Les modèles déjà existants sont-ils concernés ?
La question est centrale car des modèles de pointe sont déjà utilisés par des millions de personnes et intégrés à de nombreux services. L’ordre exécutif s’intéresse avant tout aux entraînements à venir et aux modèles en cours de développement qui répondent à ses critères. Il ne revient pas sur les lancements passés en imposant rétroactivement, avant leur mise à disposition, les tests qui n’étaient pas alors exigés.
Cela ne signifie pas pour autant que les systèmes déjà disponibles sont totalement absents du champ d’action fédéral. L’ordre contient de nombreuses directives plus générales, par exemple sur la lutte contre la fraude, la protection des consommateurs, les discriminations algorithmiques ou la sécurité des logiciels. Mais le mécanisme spécifique de déclaration préalable et de partage des résultats de tests est conçu pour donner aux autorités une visibilité sur les futurs modèles de très grande puissance.
Cette distinction illustre une limite pratique de toute réglementation technologique. Lorsqu’une règle entre en vigueur après une vague d’innovation, elle doit organiser l’avenir sans pouvoir effacer les outils déjà largement déployés. Dans le cas présent, l’administration Biden cherche donc à établir un précédent pour les générations suivantes de modèles, plutôt qu’à bloquer l’utilisation de produits déjà commercialisés.
Un texte bien plus large que la seule sécurité des modèles
Réduire l’ordre exécutif à une obligation de tests pour les grands laboratoires serait incomplet.
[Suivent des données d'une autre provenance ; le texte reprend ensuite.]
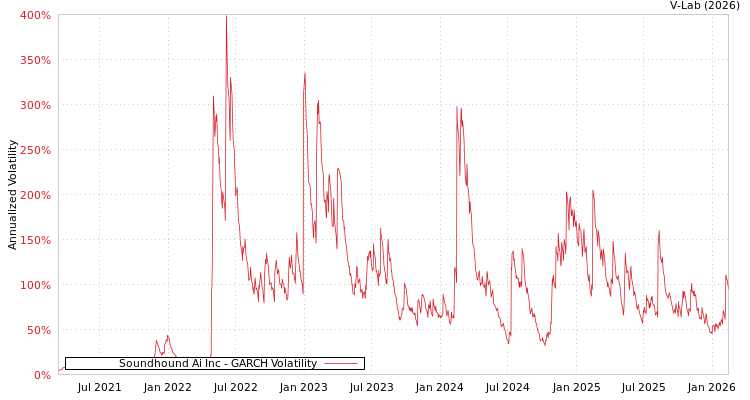 graph of Soundhound Ai Inc GARCH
Ses huit axes couvrent un ensemble beaucoup plus vaste de questions liées à l’IA.
Le texte prévoit notamment des travaux pour mieux authentifier les contenus produits par intelligence artificielle. Cette orientation répond à la multiplication des images, voix et vidéos de synthèse qui peuvent tromper le public. L’idée n’est pas de faire disparaître tous les deepfakes, ce qui serait techniquement et juridiquement difficile, mais de développer des moyens d’identifier plus facilement l’origine de certains contenus.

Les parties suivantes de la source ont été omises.